### Assignment
Emit the entire listing verbatim.

### Provided records
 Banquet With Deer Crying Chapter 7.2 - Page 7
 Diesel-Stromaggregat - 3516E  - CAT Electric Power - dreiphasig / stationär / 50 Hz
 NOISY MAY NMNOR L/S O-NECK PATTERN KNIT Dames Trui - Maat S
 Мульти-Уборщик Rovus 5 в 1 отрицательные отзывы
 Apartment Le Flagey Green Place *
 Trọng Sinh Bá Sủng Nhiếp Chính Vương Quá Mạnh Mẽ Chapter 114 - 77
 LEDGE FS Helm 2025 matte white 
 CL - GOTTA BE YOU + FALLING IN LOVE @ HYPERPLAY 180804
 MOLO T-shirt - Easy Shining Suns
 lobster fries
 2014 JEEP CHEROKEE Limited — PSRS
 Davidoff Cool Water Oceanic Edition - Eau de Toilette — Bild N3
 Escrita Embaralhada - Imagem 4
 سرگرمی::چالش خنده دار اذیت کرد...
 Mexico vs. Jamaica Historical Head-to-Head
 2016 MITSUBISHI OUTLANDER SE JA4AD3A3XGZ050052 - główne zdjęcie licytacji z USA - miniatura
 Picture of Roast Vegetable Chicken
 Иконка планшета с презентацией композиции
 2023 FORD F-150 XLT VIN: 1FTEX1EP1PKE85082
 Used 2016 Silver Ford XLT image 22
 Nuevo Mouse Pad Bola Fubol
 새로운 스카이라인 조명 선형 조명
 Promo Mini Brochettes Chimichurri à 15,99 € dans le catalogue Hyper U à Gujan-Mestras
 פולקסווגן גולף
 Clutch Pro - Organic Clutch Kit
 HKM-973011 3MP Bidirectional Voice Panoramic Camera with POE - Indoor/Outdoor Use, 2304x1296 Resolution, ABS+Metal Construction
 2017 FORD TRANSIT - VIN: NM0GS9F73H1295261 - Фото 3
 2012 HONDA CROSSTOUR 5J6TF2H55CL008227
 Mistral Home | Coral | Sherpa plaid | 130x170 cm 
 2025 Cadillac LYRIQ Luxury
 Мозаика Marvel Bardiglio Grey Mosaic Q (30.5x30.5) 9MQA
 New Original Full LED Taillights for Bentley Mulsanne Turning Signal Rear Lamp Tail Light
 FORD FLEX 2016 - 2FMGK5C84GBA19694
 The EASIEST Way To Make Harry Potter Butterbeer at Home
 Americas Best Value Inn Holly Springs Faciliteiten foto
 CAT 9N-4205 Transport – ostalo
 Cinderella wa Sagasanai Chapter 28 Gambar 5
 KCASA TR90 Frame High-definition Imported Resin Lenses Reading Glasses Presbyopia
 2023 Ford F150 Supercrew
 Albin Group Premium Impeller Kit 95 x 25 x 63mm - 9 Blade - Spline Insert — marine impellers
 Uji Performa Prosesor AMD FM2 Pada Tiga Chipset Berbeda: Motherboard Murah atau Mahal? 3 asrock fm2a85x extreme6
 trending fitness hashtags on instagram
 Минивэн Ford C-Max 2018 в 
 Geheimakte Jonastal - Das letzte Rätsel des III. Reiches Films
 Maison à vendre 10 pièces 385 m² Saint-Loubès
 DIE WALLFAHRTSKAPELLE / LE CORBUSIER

### Answer to the problem
 Banquet With Deer Crying Chapter 7.2 - Page 7
 Diesel-Stromaggregat - 3516E  - CAT Electric Power - dreiphasig / stationär / 50 Hz
 NOISY MAY NMNOR L/S O-NECK PATTERN KNIT Dames Trui - Maat S
 Мульти-Уборщик Rovus 5 в 1 отрицательные отзывы
 Apartment Le Flagey Green Place *
 Trọng Sinh Bá Sủng Nhiếp Chính Vương Quá Mạnh Mẽ Chapter 114 - 77
 LEDGE FS Helm 2025 matte white 
 CL - GOTTA BE YOU + FALLING IN LOVE @ HYPERPLAY 180804
 MOLO T-shirt - Easy Shining Suns
 lobster fries
 2014 JEEP CHEROKEE Limited — PSRS
 Davidoff Cool Water Oceanic Edition - Eau de Toilette — Bild N3
 Escrita Embaralhada - Imagem 4
 سرگرمی::چالش خنده دار اذیت کرد...
 Mexico vs. Jamaica Historical Head-to-Head
 2016 MITSUBISHI OUTLANDER SE JA4AD3A3XGZ050052 - główne zdjęcie licytacji z USA - miniatura
 Picture of Roast Vegetable Chicken
 Иконка планшета с презентацией композиции
 2023 FORD F-150 XLT VIN: 1FTEX1EP1PKE85082
 Used 2016 Silver Ford XLT image 22
 Nuevo Mouse Pad Bola Fubol
 새로운 스카이라인 조명 선형 조명
 Promo Mini Brochettes Chimichurri à 15,99 € dans le catalogue Hyper U à Gujan-Mestras
 פולקסווגן גולף
 Clutch Pro - Organic Clutch Kit
 HKM-973011 3MP Bidirectional Voice Panoramic Camera with POE - Indoor/Outdoor Use, 2304x1296 Resolution, ABS+Metal Construction
 2017 FORD TRANSIT - VIN: NM0GS9F73H1295261 - Фото 3
 2012 HONDA CROSSTOUR 5J6TF2H55CL008227
 Mistral Home | Coral | Sherpa plaid | 130x170 cm 
 2025 Cadillac LYRIQ Luxury
 Мозаика Marvel Bardiglio Grey Mosaic Q (30.5x30.5) 9MQA
 New Original Full LED Taillights for Bentley Mulsanne Turning Signal Rear Lamp Tail Light
 FORD FLEX 2016 - 2FMGK5C84GBA19694
 The EASIEST Way To Make Harry Potter Butterbeer at Home
 Americas Best Value Inn Holly Springs Faciliteiten foto
 CAT 9N-4205 Transport – ostalo
 Cinderella wa Sagasanai Chapter 28 Gambar 5
 KCASA TR90 Frame High-definition Imported Resin Lenses Reading Glasses Presbyopia
 2023 Ford F150 Supercrew
 Albin Group Premium Impeller Kit 95 x 25 x 63mm - 9 Blade - Spline Insert — marine impellers
 Uji Performa Prosesor AMD FM2 Pada Tiga Chipset Berbeda: Motherboard Murah atau Mahal? 3 asrock fm2a85x extreme6
 trending fitness hashtags on instagram
 Минивэн Ford C-Max 2018 в 
 Geheimakte Jonastal - Das letzte Rätsel des III. Reiches Films
 Maison à vendre 10 pièces 385 m² Saint-Loubès
 DIE WALLFAHRTSKAPELLE / LE CORBUSIER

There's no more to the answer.